When that happens, they'll let you do your thing without bothering you at first, but after you get things up and running, "inspectors" start showing up, telling you that your permits have not been completed yet, and that more "donations" are necessary.

You see, it's not in their best interest to actually grant you those permits, because the moment they finally liberate them, their steady source of income dries out.

Things have been improving lately, though. And probably the last permits that operate in such a clandestine way anymore are related to alcohol sales in mom-and-pop's small supply stores, small restaurants, and the like. And of course, there are parts of this country that are far more civilized than the average rest.

Bad as things are, they're far better than the Mexico that I remember from the 60's and 70's.
 

spinnaker

Joined Oct 29, 2009
7,830
That's very much the way things work down here too. Except that when you actually meet all of those regulations, and try to do things legally, then what they will do is delay delay delay EVERYTHING... telling you that those permits are being processed (sometimes it takes years) and that in the meantime, if you wish to speed things up a little, a "donation" would be in order.
When that happens, they'll let you do your thing without bothering you at first, but after you get things up and running, "inspectors" start showing up, telling you that your permits have not been completed yet, and that more "donations" are necessary.

You see, it's not in their best interest to actually grant you those permits, because the moment they finally liberate them, their steady source of income dries out.

Things have been improving lately, though. And probably the last permits that operate in such a clandestine way anymore are related to alcohol sales in mom-and-pop's small supply stores, small restaurants, and the like. And of course, there are parts of this country that are far more civilized than the average rest.

Bad as things are, they're far better than the Mexico that I remember from the 60's and 70's.
Do you also have problems with getting things imported?

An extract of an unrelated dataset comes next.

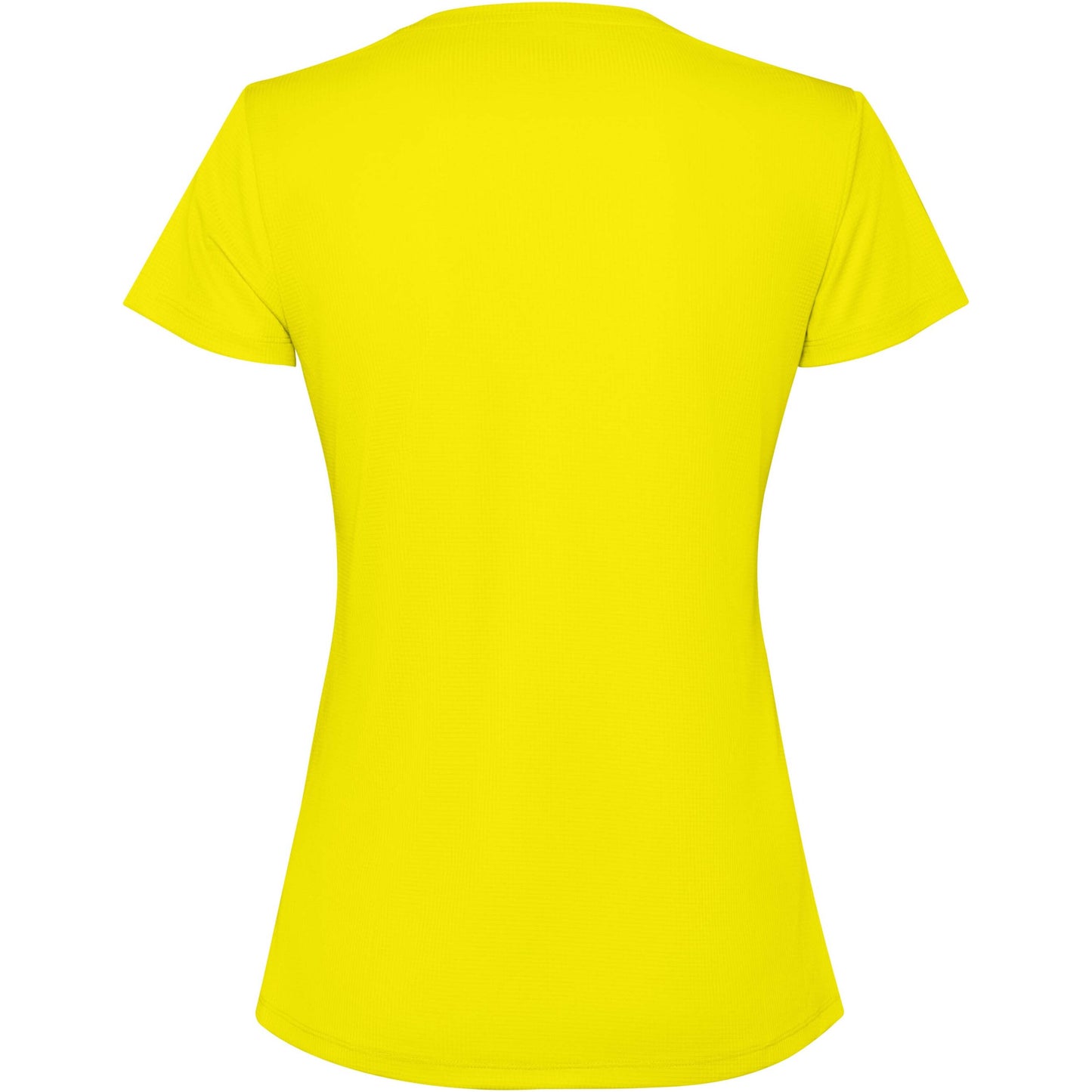 Estoril kortärmad funktions T-shirt för dam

My friend lived in Antigua. Pretty much everything there needs to be shipped in when you order it. If he ordered something like a computer, it would end up costing him nearly twice what he paid for it. First there were the high taxes on imports. Then he would need to pay the customs office to make sure the computer did not get "stolen".

He also had to pay to get some to hook up the phone, cable etc or else he would have waited for years.
 

#12

Joined Nov 30, 2010
18,224
when you actually meet all of those regulations, and try to do things legally,
This reminds me of one time I went to the Division of Motor Vehicles to get a temporary license plate so I could get an emission check on a car I was rehabilitating. I was just trying to obey the law by getting the tailpipe sniffed and trying to obey the law by having a proper license plate to drive the car to the emissions inspection. The first thing I heard was, "This is the last one you're going to get." Thanks. This is the first one I ever asked for. Are you saying there is a "one per person per lifetime" limit on temporary license plates, or just a limit of one for this car? She didn't answer.

Then the lady demanded that I swear the odometer was correct, and it wasn't. I had replaced half the dashboard instruments, but I signed, anyway. When I sold the car, I crossed out the perjury and the DMV made me pay for a title to replace the one I told the truth on and another title to transfer ownership to the buyer.

I guess that was when I decided to do whatever the bureaucrat says, then do it my way after he/she has signed off on the paperwork. This has never caused a problem because my standards of workmanship are higher than the standards of my government. They think their job is to write a law controlling every aspect of the world and human behavior. I don't.